= Beginning of Section =

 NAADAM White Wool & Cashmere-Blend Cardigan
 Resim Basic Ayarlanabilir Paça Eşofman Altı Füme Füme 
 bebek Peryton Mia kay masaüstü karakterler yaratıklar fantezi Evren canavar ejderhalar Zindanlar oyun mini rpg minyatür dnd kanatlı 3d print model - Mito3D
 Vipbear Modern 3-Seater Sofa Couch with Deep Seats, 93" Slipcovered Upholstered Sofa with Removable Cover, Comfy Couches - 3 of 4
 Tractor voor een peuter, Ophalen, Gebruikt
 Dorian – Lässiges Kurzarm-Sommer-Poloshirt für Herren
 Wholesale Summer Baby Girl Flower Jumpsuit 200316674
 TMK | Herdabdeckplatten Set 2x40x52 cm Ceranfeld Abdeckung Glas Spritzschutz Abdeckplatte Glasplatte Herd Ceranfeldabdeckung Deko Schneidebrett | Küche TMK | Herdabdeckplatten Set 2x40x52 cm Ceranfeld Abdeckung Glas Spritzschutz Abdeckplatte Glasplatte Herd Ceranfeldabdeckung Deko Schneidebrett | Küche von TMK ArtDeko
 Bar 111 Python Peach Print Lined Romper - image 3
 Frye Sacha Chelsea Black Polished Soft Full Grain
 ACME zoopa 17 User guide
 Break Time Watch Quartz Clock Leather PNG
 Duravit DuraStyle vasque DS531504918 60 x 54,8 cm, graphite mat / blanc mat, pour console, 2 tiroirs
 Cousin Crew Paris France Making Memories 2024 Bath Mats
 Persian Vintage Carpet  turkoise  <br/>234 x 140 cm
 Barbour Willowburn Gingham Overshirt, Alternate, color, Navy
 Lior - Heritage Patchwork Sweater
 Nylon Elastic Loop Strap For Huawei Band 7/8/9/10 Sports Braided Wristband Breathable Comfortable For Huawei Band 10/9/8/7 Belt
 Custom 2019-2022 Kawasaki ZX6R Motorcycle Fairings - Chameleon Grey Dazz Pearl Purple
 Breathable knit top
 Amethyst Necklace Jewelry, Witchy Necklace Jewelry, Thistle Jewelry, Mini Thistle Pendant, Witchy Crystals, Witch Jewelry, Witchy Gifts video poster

= End of Section =

_DIRECTIONS FOR THIS TASK_: Only the lines above starting at the line that holds "ACME zoopa 17 User guide" and ending at the line that holds "Persian Vintage Carpet" are to be repeated, exactly and in full.

_FINAL ANSWER_:
 ACME zoopa 17 User guide
 Break Time Watch Quartz Clock Leather PNG
 Duravit DuraStyle vasque DS531504918 60 x 54,8 cm, graphite mat / blanc mat, pour console, 2 tiroirs
 Cousin Crew Paris France Making Memories 2024 Bath Mats
 Persian Vintage Carpet  turkoise  <br/>234 x 140 cm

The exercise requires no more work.